Japanese Yen registered notable slump today, recording a new low for the year against Dollar, a move driven largely by ascending benchmark yields in the US and European markets. Meanwhile, sentiment in risk markets appears to be on the upswing, partly propelled by encouraging economic data emerging from China, fostering an environment where commodity currencies are experiencing a lift, with Australian Dollar taking the forefront.
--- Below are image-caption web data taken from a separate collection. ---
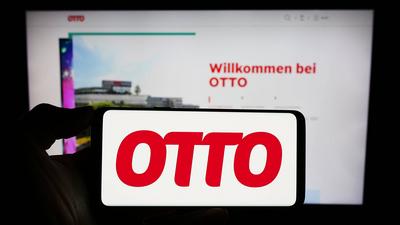 Person holding cellphone with logo of German mail order company Otto GmbH Co KG in front of webpage. Stuttgart, Germany-stock-foto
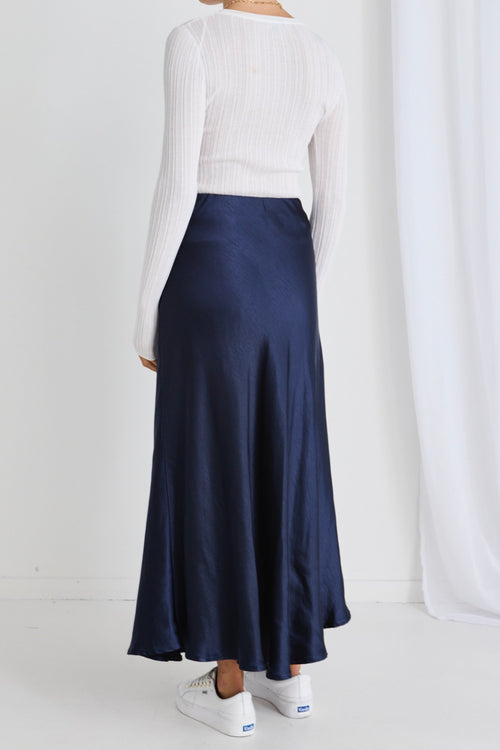 model wears a navy maxi skirt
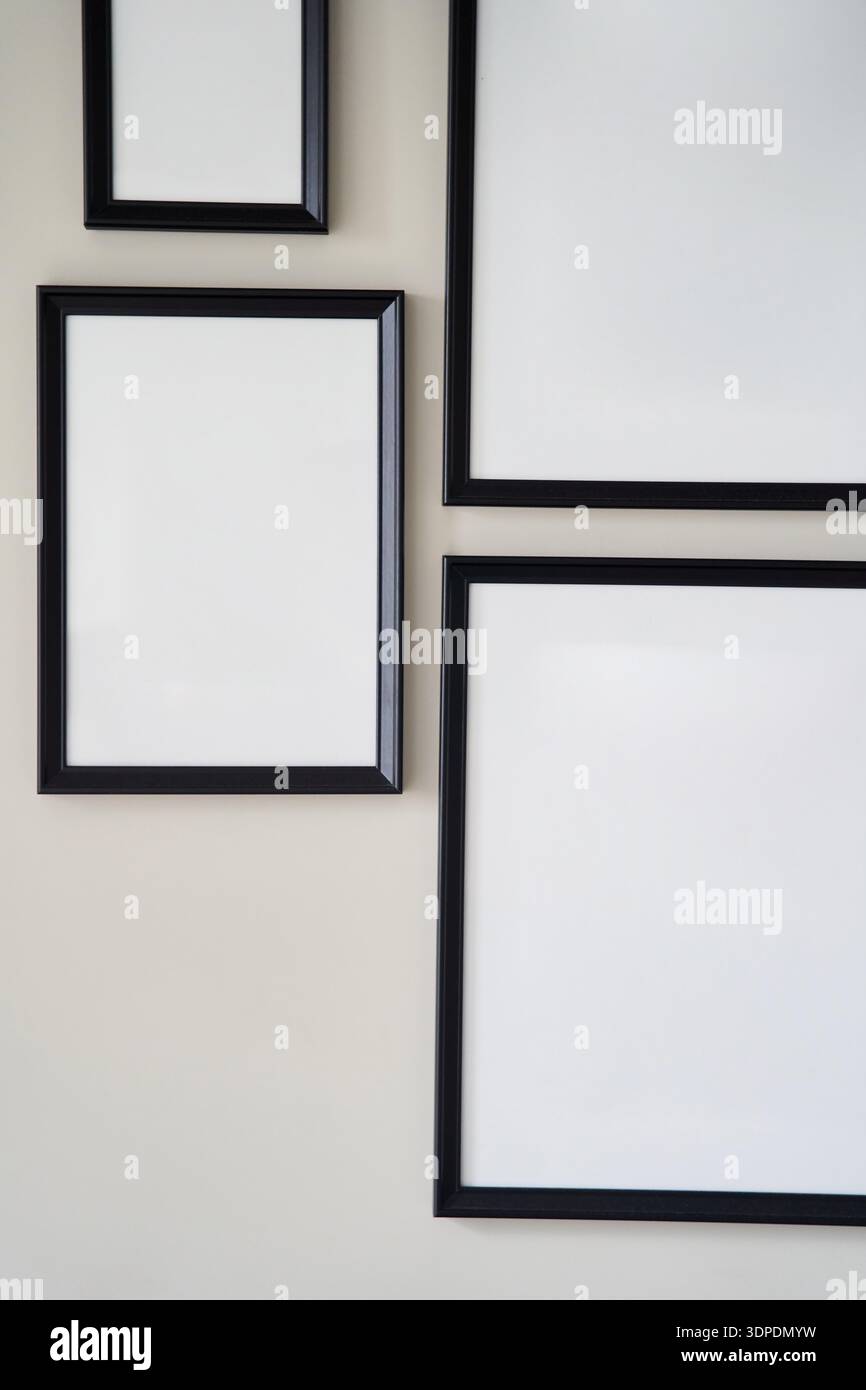 Different size framed photos hanging on the gray wall. Mockup. Stock Photo
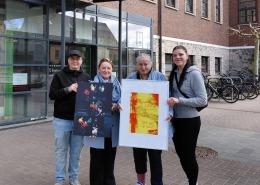 Vier Personen stehen vor dem Helios Hanseklinikum in Stralsund und halten zwei Bilder der Wanderfotoausstellung der Stralsunder Werkstätten in den Händen.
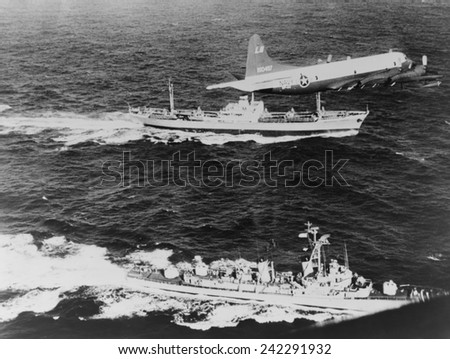 Soviet freighter ANESOV, escorted by a United States Navy plane and the destroyer, USS BARRY, as it leaves Cuba loaded with missiles signaling the end of Cuban Missile Crisis. October 1962.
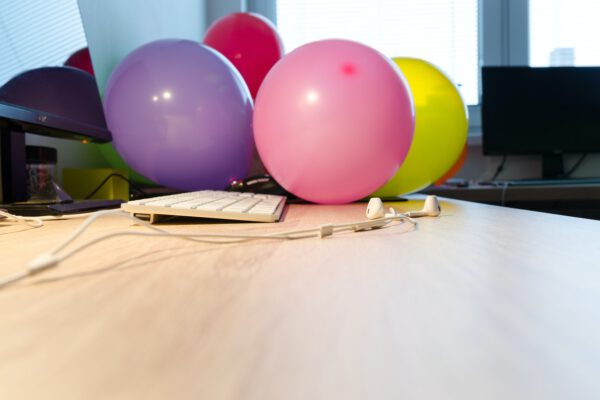 Kilka kolorowych balonó reklamowych leży na biurku w biurze przy komputerze
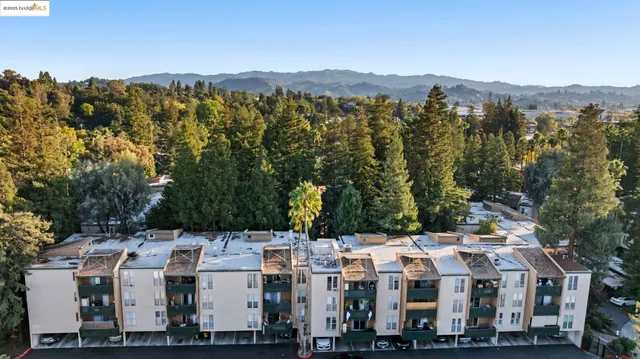 a couple of table and chairs in front of a building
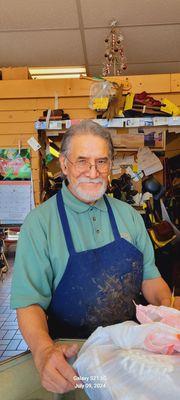 This is Luis, the owner of El Con Cobbler Shop.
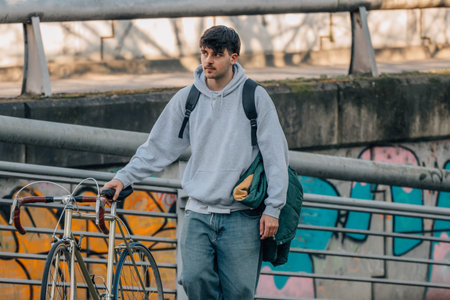 young urban outfit walking with bicycle and backpackの写真素材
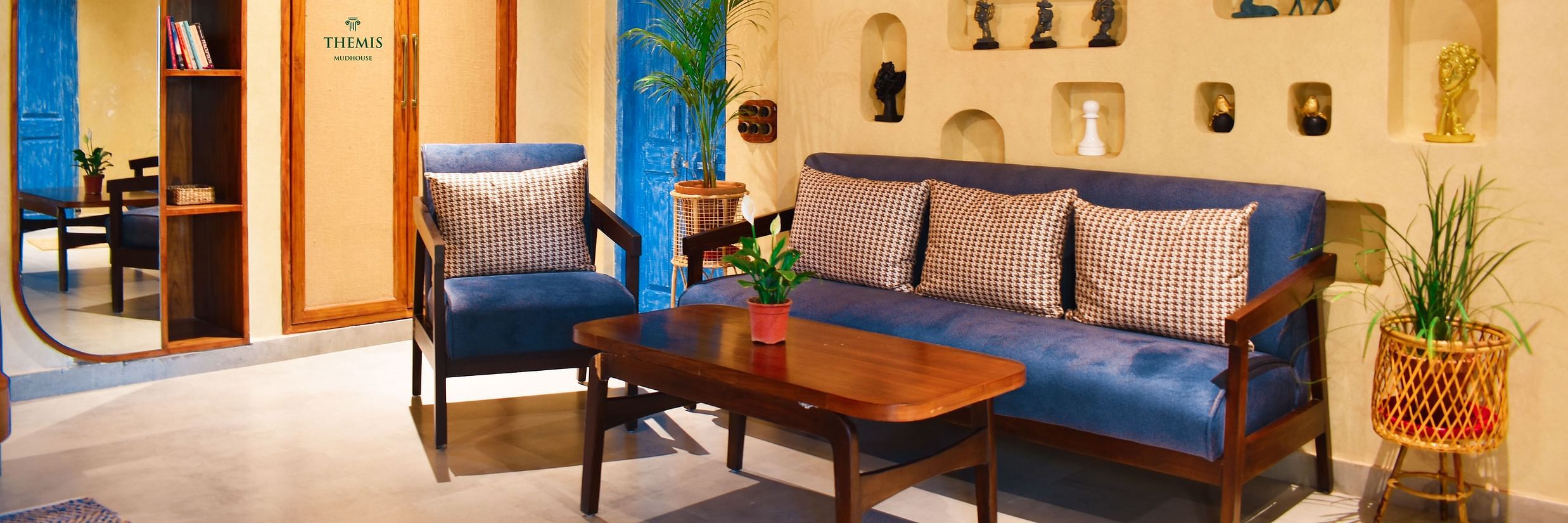interior of Classic Villas arrayed with a sofa, trinkets and a lamp hanging from the ceiling at Themis Mudhouse - A Nature's Retreat Resort & Wellness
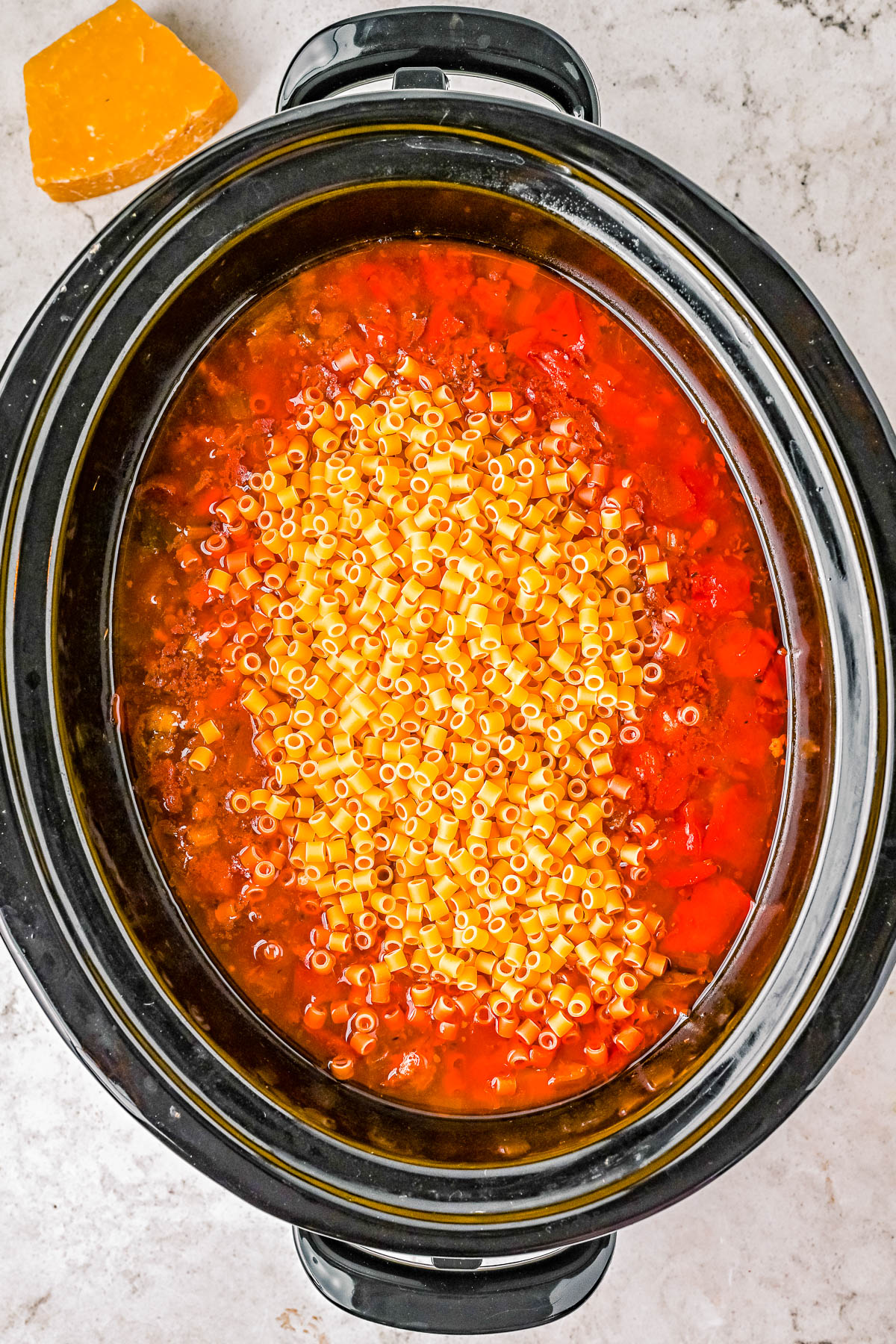 Slow Cooker Pasta e Fagioli Soup (Olive Garden Copycat) - My homemade recipe for this famous soup is even BETTER than the restaurant version and SO EASY thanks to your Crock-Pot! Complete with ground beef (or sausage), vegetables, spices, and pasta. Hearty comfort food that'll become a family FAVORITE in no time! Stovetop cooking directions also provided.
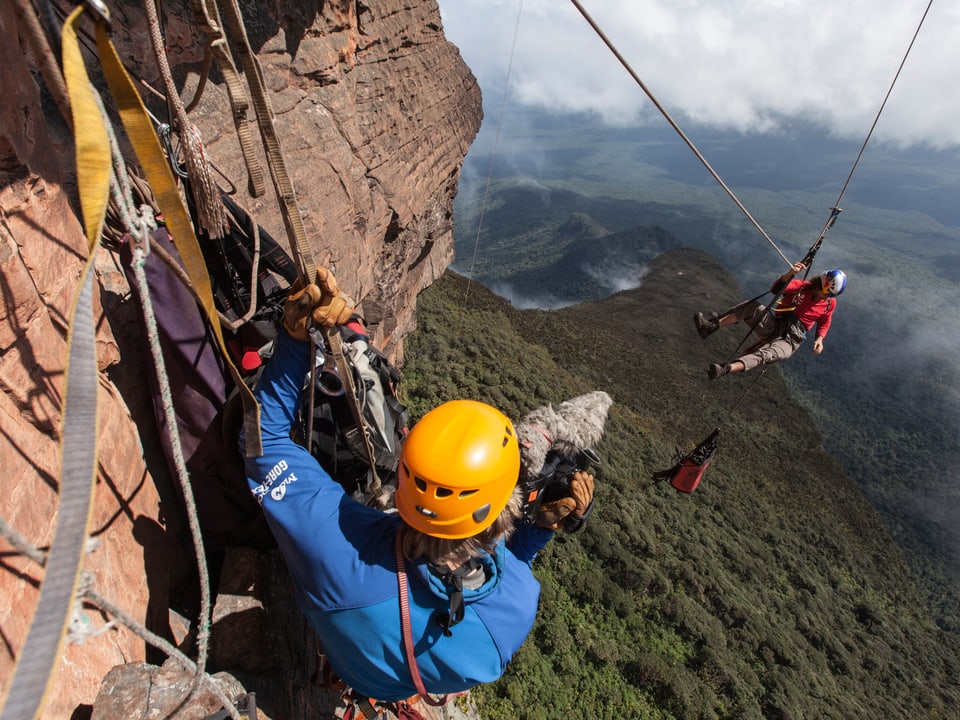 Ein Kletterer filmt an der Felswand, der andere hängt in der Luft.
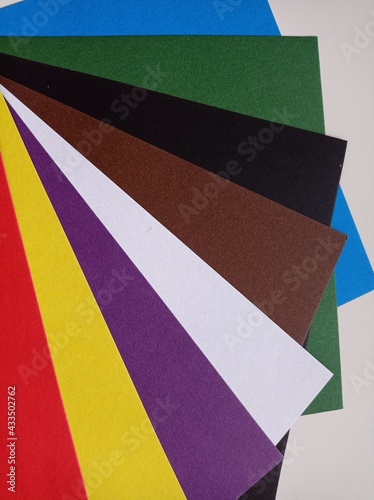 Colored paper spread out in a fan.Background. Red, Yellow, Purple, White, Blue, Brown, Green, Brown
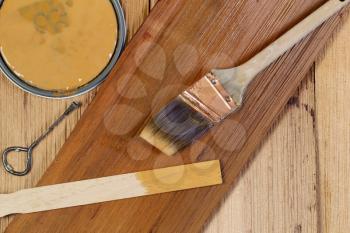 Closeup top view of painting tools consisting of hand brush, stir stick, can opener, and paint lid on cedar wooden shingles with top board stained and unstained boards underneath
Euro, on the other hand, managed to slow its descent, buoyed by remarks from ECB officials who sought to downplay the prospects of rate cuts in the coming year. The comments stimulated a recovery in Euro, particularly against Sterling and Swiss franc. While Dollar is making efforts to strengthen up, traders remain cautious, seemingly unwilling to stake large bets ahead of Fed’s rate decisions slated for next week.
Technically, EUR/CHF recovered well ahead of 0.9513 low, and the developments argues that post-ECB selling might have past its climax. Nevertheless, outlook will stay bearish as long as 0.9600 resistance holds. Break of 0.9513 is in favor sooner or later to resume larger decline from 1.0095.
In Europe, at the time of writing, FTSE is up 0.68%. DAX is up 0.91%. CAC is up 1.43%. Germany 10-year yield is up 0.0649 at 2.661. Earlier in Asia, Nikkei rose 1.10%. Hong Kong HSI rose 0.75%. China Shanghai SSE dropped -0.28%. Singapore Strait Times rose 0.96%. Japan 10-year JGB yield rose 0.0013 to 0.710.
ECB officials dismiss predictions of early rate cuts
In a chorus of comments, ECB officias pushed back on market expectations on a rate cut next year.
During a press conference today, ECB President Christine Lagarde emphasized, “We have not decided, discussed or even pronounced cuts.” She underlined that the institution’s strategy will pivot according to incoming economic data and highlighted that the levels and duration of the existing high rates are designed to foster a return to the inflation target of 2%. The focus is on evolving economic indicators, reviewed in a meeting-by-meeting approach, hinting at the bank’s readiness to adapt in the face of changing economic contexts.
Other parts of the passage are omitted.